Purse squinted his eyes through the crummy optics of his cut-rate glasses, and looked for the tell-tale sign of real blood, real damage. The ship was too wreathed with smoke and mess for Purse to be certain.

Then, the large flag of the Equestrian merchant-marine flapping from the rear of the great ship twitched, jerked, and then suddenly was struck.

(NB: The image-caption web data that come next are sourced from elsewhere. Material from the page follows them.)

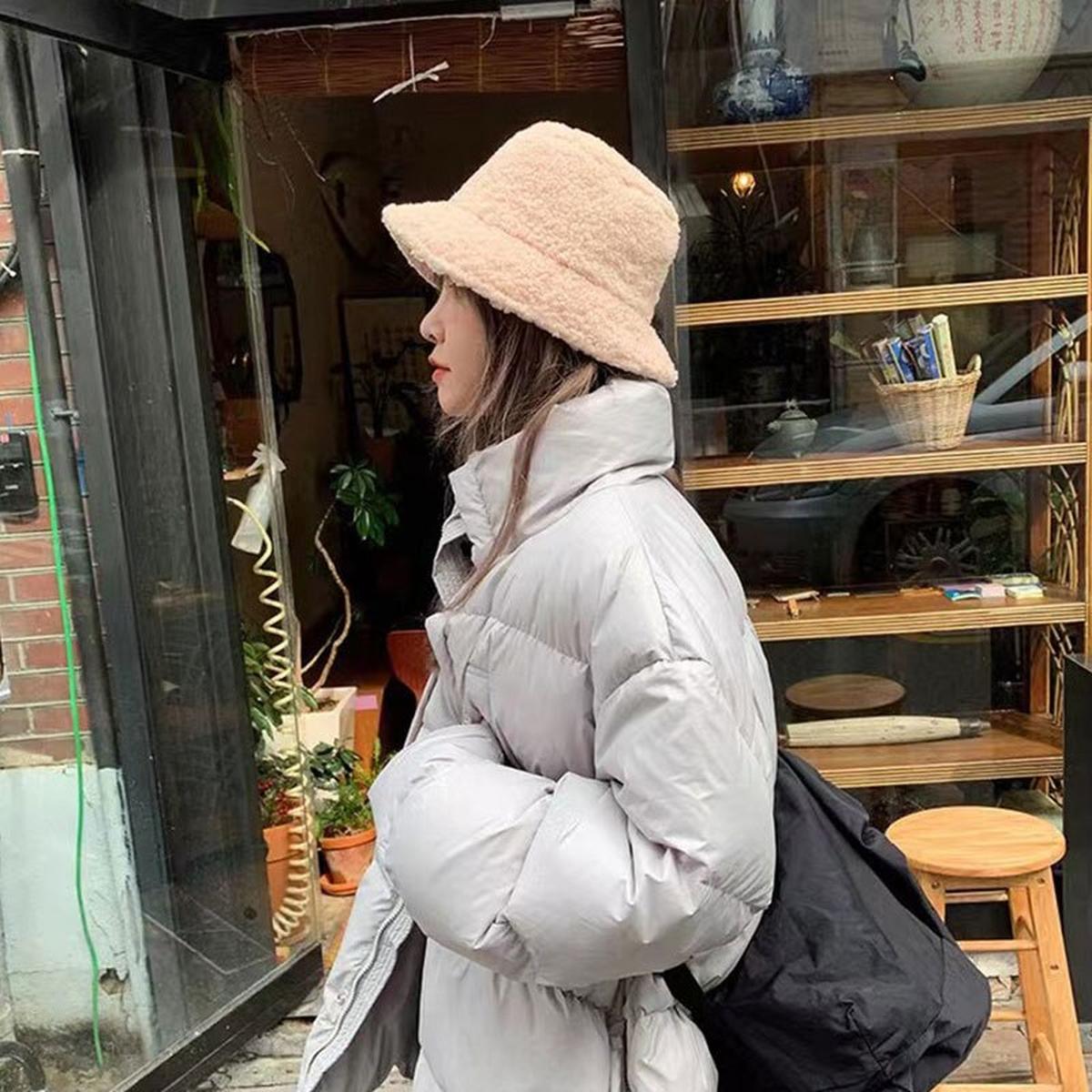 Dames Lamswol Bucket Hoed - Warme Buitenhoed voor Comfort en Stijl - Harlett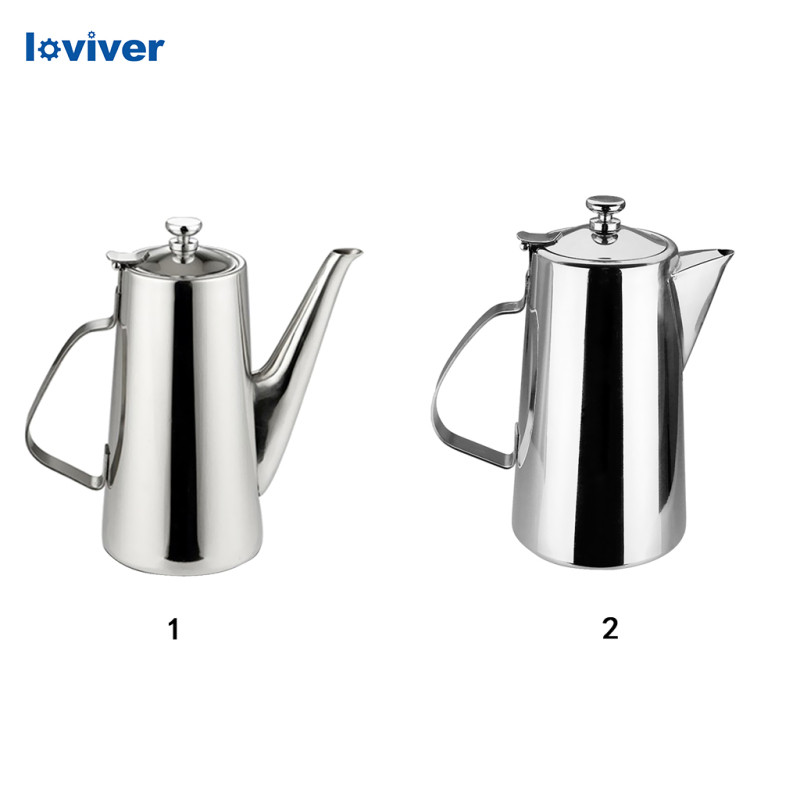 【จัดส่งในพื้นที่】เหยือกชากาแฟสแตนเลส 1.5 ลิตร/2 ลิตร เหยือกกาต้มน้ําพร้อมฝาปิด
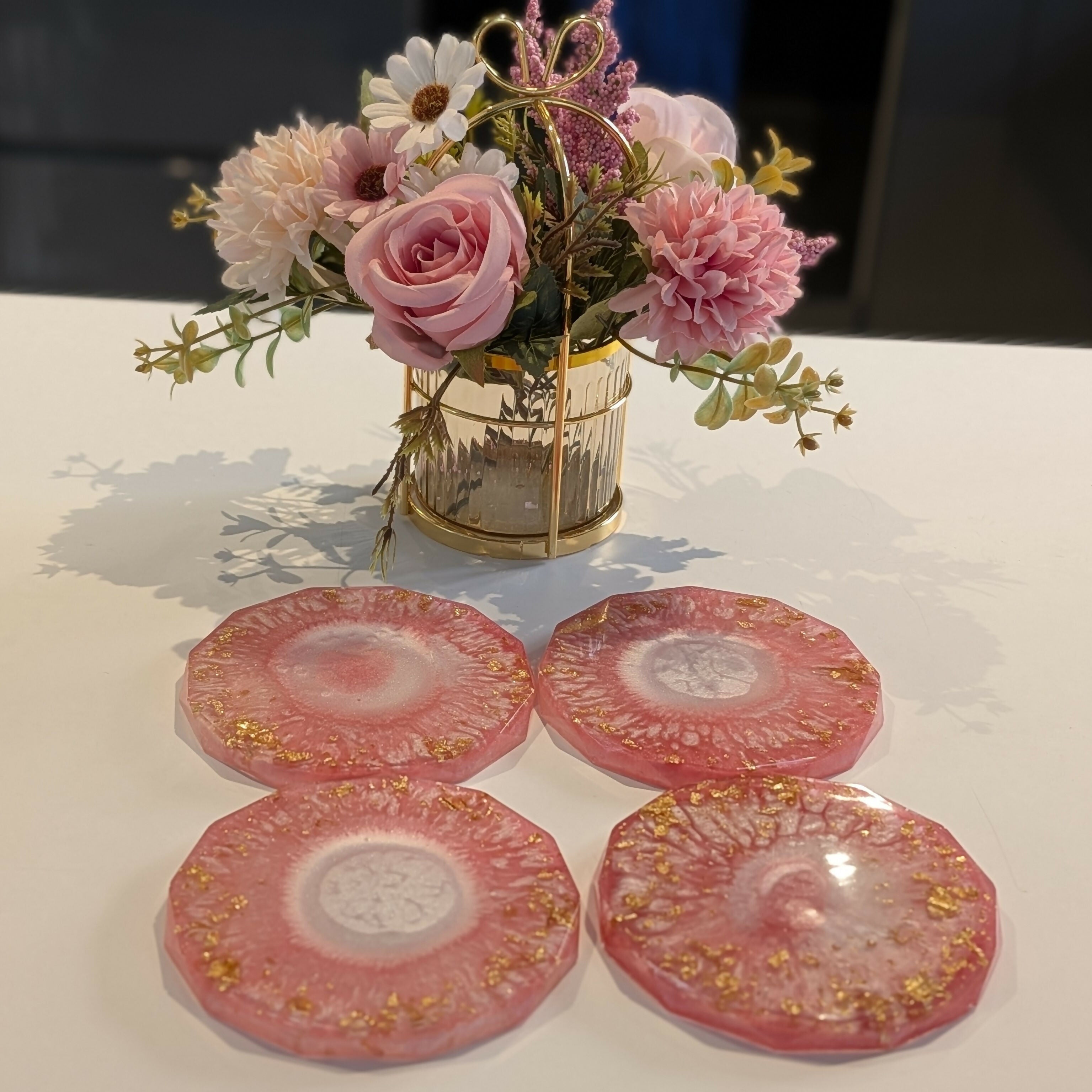 LARGE MULTI COLOUR HANDMADE COASTERS - SOLD SEPARATELY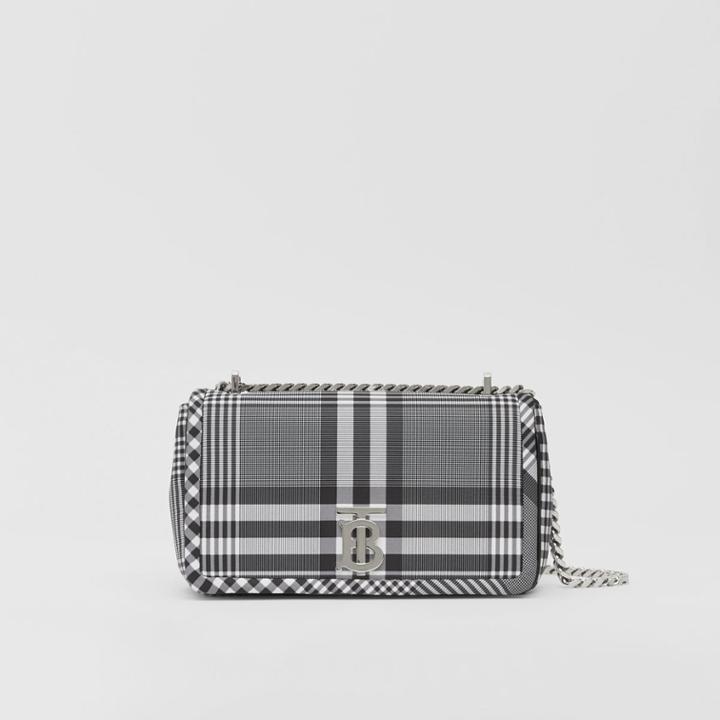 Burberry Burberry Small Check Nylon Lola Bag, Black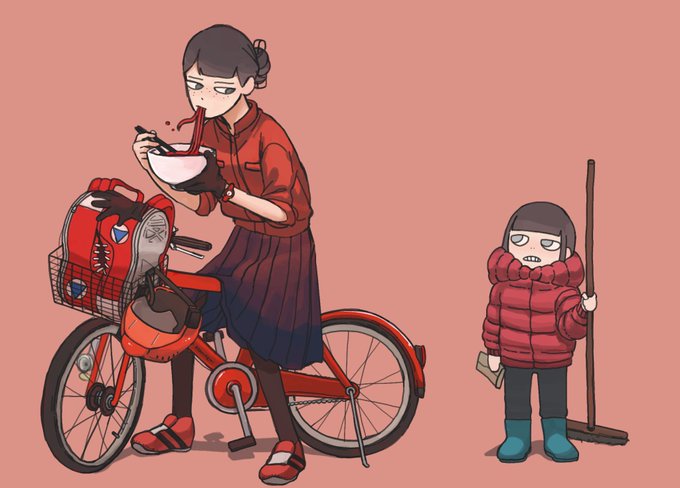 「自転車 ショートヘア」のTwitter画像/イラスト(新着)｜9ページ目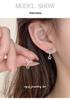 Cui Yan S925 Sterling Silver Korean Style Floral Stud Earrings - Trendy, Simple Pendant Design for Women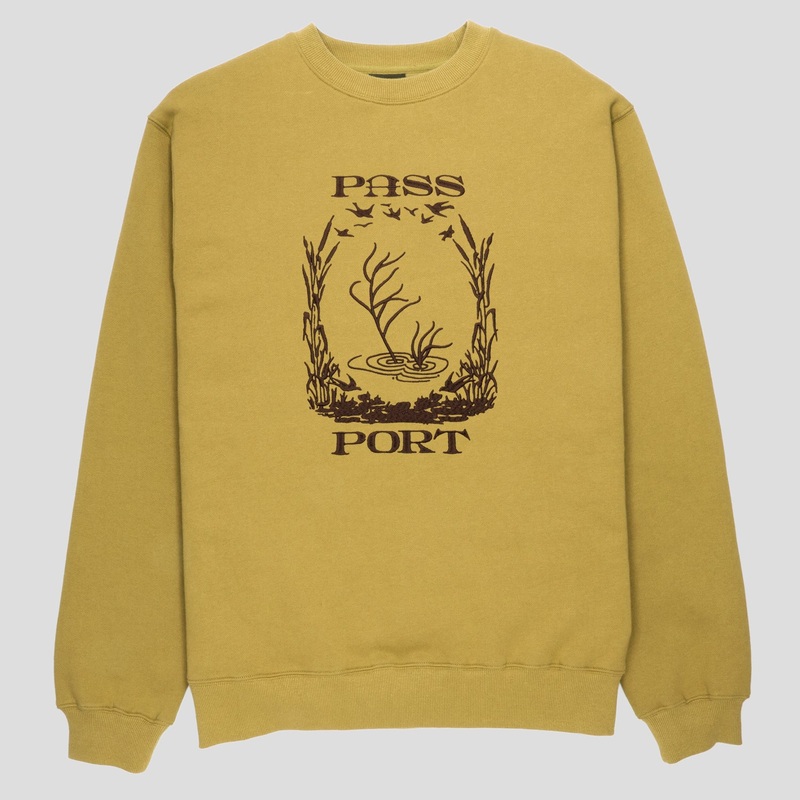 Everglade Embroidery Sweater – Mustard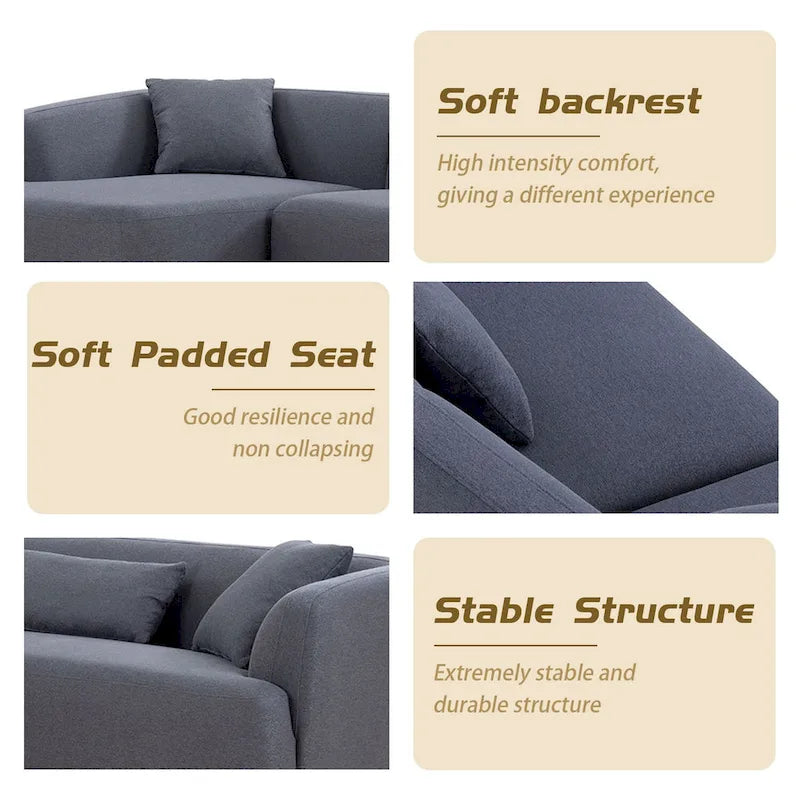 Williamspace 102 narożna sofa modułowa w kształcie litery L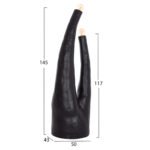 ΔΙΑΚΟΣΜΗΤΙΚΟ ΦΩΤΙΣΤΙΚΟ ΔΑΠΕΔΟΥ TUSKEN HM4702.01 FIBER CEMENT-ΜΑΥΡΟ 50x43x145Υεκ. - Image 2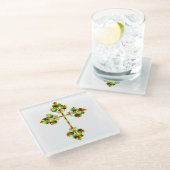 クロスファンシー ガラスコースター (アングル)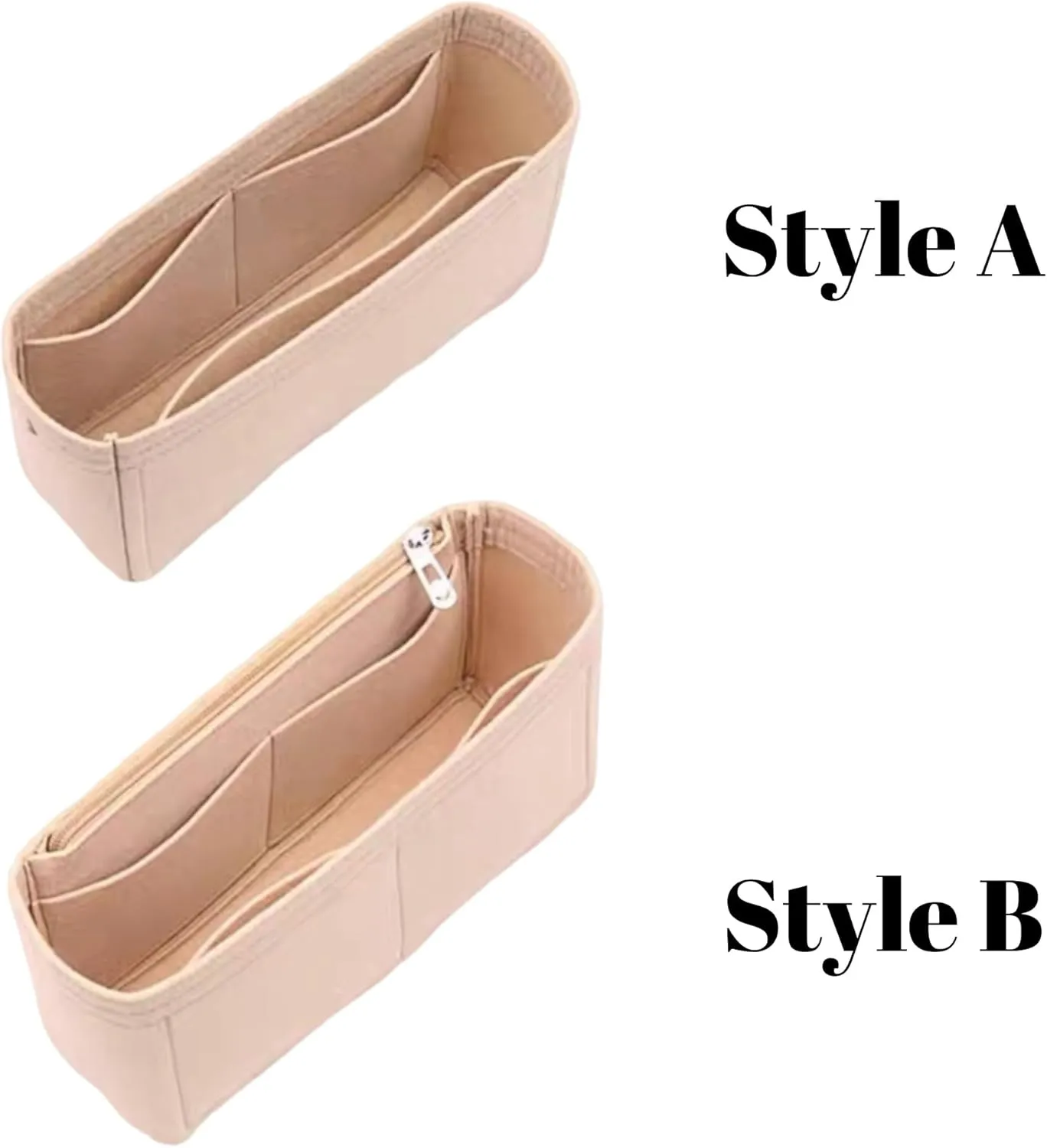 Xoppia Bag Organizer compatible with Dior Medium D-Journey Bag. Felt Insert Liner for Women Handbag. (Black, Style A: Expposure)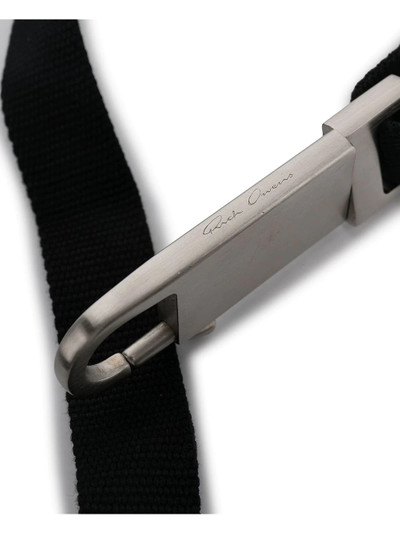 Rick Owens carabiner-buckle belt outlook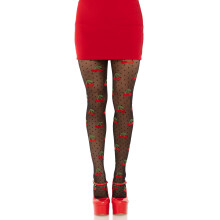 Spandex Sheer Polka Dot Cherry Sights.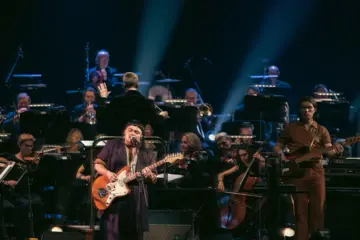 Mo'Ju performing at Hamer Hall with the Melbourne Symphony Orchestra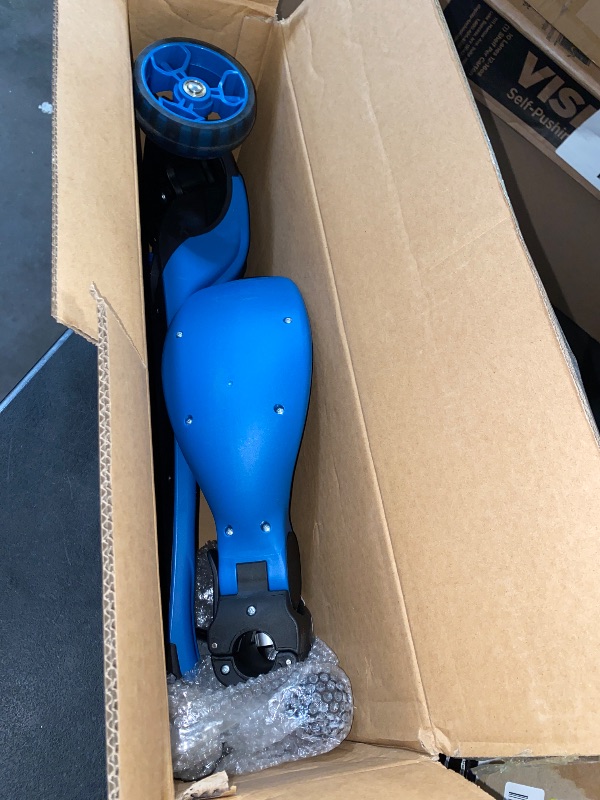 Photo 1 of Kick Scooter Adjustable Height for Kids Ages 2-6 3 Wheel Scooter with LED Light and Extra Wide Deck Kids Scooter Blue
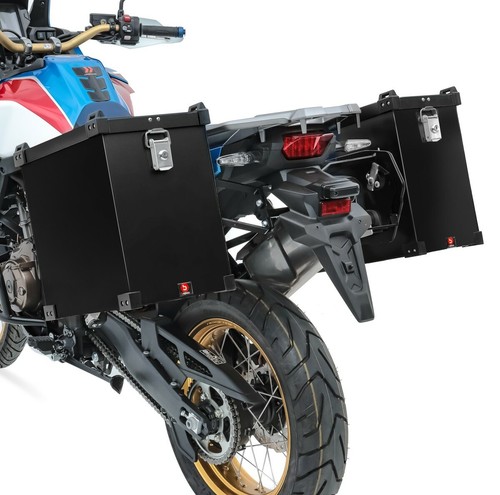 Aluminium panniers set for - aluminium,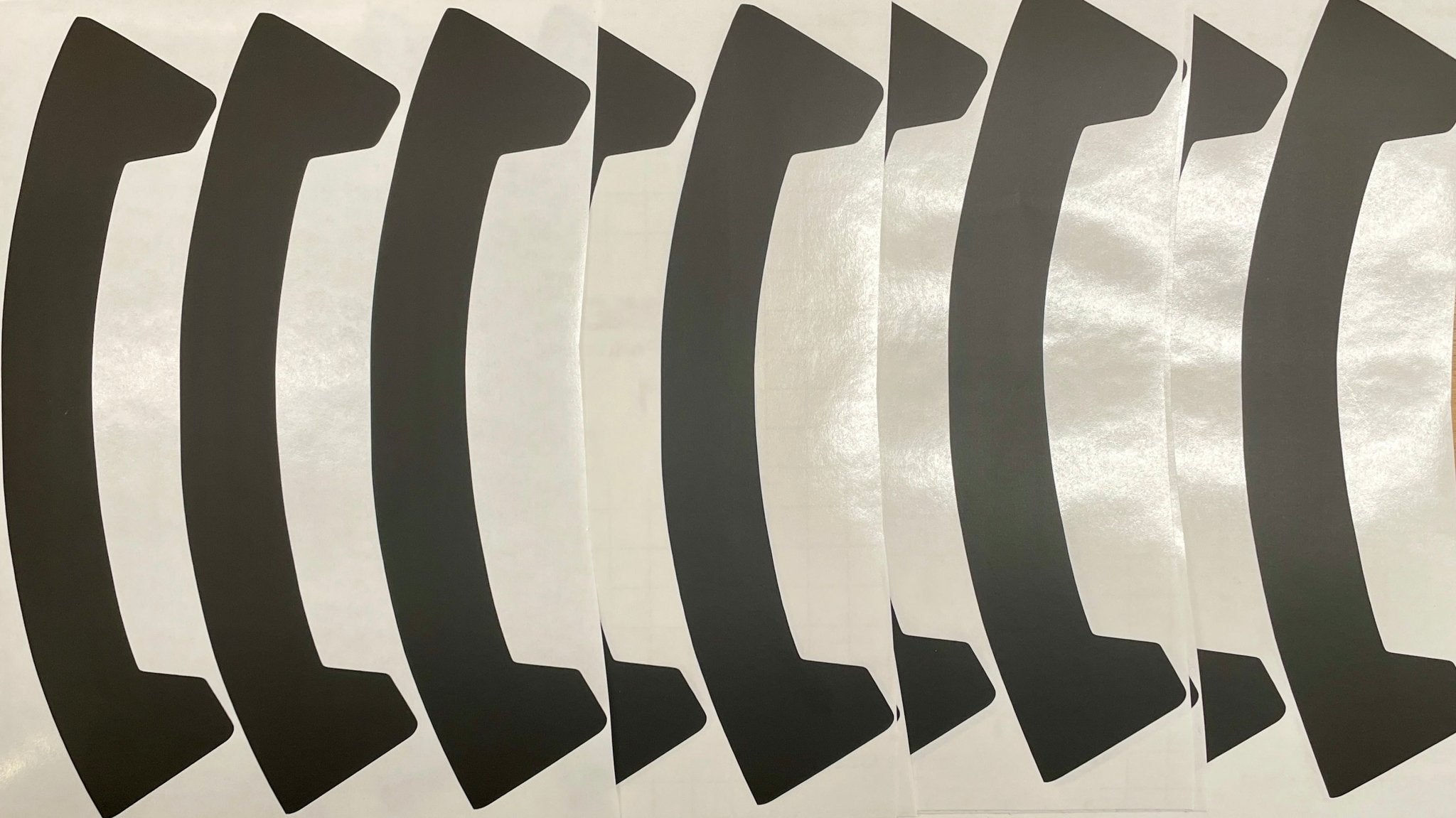 Premium Cast Vinyl Decal Overlays for 2024-2025 Tacoma TRD Sport Wheels x4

The audience roared with realization, as the torn-down colors were quickly replaced by a new, unfamiliar flag, a sunburst in magenta and lavender. The voices of ponies and griffons, from rooftop, from battlement and bleacher, from factory-roofs and shop-doors and the streets and the boats and the docks in and around the harbor - it was as if all of Trottingham had spoken the same ineffable word, deranged by distance and place and time until one's ears were hopelessly dazzled by the sheer confusion

The Daddy Longlegs was captured, taken in prize. The crystal privateers had overcome their foe, and the ship was theirs!

And as the clocks struck noon, the Trottish crowds screamed in approbation, ponies from the battlements, and the griffons from the bleacher stands along the port and the harbor-side, to see one band of Equestrians conquer another in the neutral skies of Trottingham.

Purse Strings sat back, satisfied.

I guess everypony really does love a good show.